MGNREGA Tree Plantation Scheme Information

MGNREGA Tree Plantation Scheme Information

​The Mahatma Gandhi National Rural Employment Guarantee Act (MGNREGA), enacted by the Government of India, is widely recognized for its dual focus on providing livelihood security to rural households and building durable community infrastructure. Among the most transformative initiatives permitted under the Act is the Tree Plantation Scheme.

​This multi-faceted scheme aims to reverse environmental degradation, mitigate the impacts of climate change, and create recurring, sustainable income sources for small and marginal farmers, vulnerable families, and local communities. By combining rural asset creation with ecological conservation, the program transforms fallow, degraded lands into productive green zones.

​1. Objectives of the MGNREGA Tree Plantation Scheme

​The Tree Plantation Scheme is systematically built to achieve both environmental resilience and economic empowerment in rural areas.

  • Livelihood Generation and Asset Creation: The scheme pays direct wages to job card holders for planting activities. Over the long term, fruit-bearing or timber trees serve as a permanent income-generating asset for individual or community owners.
  • Enhancing Green Cover: The scheme focuses on afforestation and agroforestry to reclaim degraded or fallow lands, combat desertification, and help achieve India’s national climate goals.
  • Soil and Water Conservation: Tree roots stabilize local soil, reducing topsoil erosion caused by heavy rains. Planting trees along canal bunds and water bodies also improves groundwater recharge.
  • Fostering Biodiversity: By prioritizing native, region-specific saplings, the scheme establishes micro-ecosystems that support local wildlife, pollinators, and beneficial microorganisms.

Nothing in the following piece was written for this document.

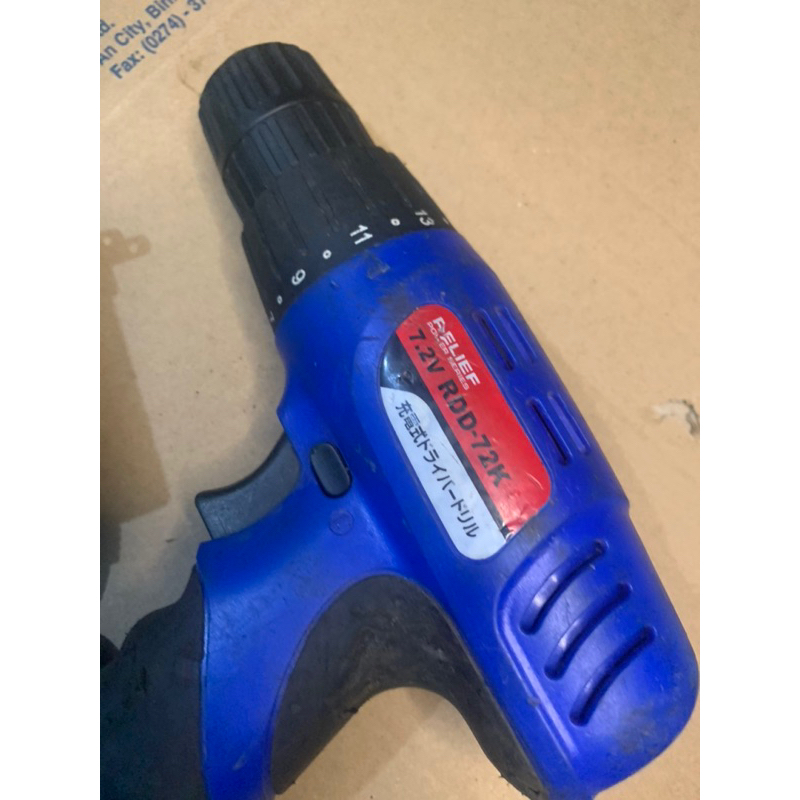 Máy khoan, bắn vít có cấp trượt nhật bãi đã đóng lại pin 12v như hình, máy hoạt động tốt(sp gồm máy 1 pin 1 sạc 220v) | BigBuy360 - bigbuy360.vn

​2. Permissible Categories of Plantation Works

​MGNREGA classifies plantation projects into specific categories based on land ownership and layout to maximize economic returns and environmental benefits.

​Individual Beneficiary Land Plantation (Agro-Forestry & Horticulture)

​This sub-scheme allows small-scale and marginal farmers to convert portions of their personal farmland or fallow homesteads into orchards or timber plots.

  • Permissible Area: Ranges from a minimum of 0.25 acres up to a maximum of 5 acres per household or job card.
  • Focus: Perennial horticulture fruit crops such as Mango, Cashew, Guava, Sapota, Coconut, Tamarind, Pomegranate, and Jamun. High-yield multi-purpose trees like Moringa (drumstick) are also promoted.

​Avenue / Roadside Plantation

​Trees are planted linearly on both sides of public rural roads, state highways, and national highway margins running through rural sectors.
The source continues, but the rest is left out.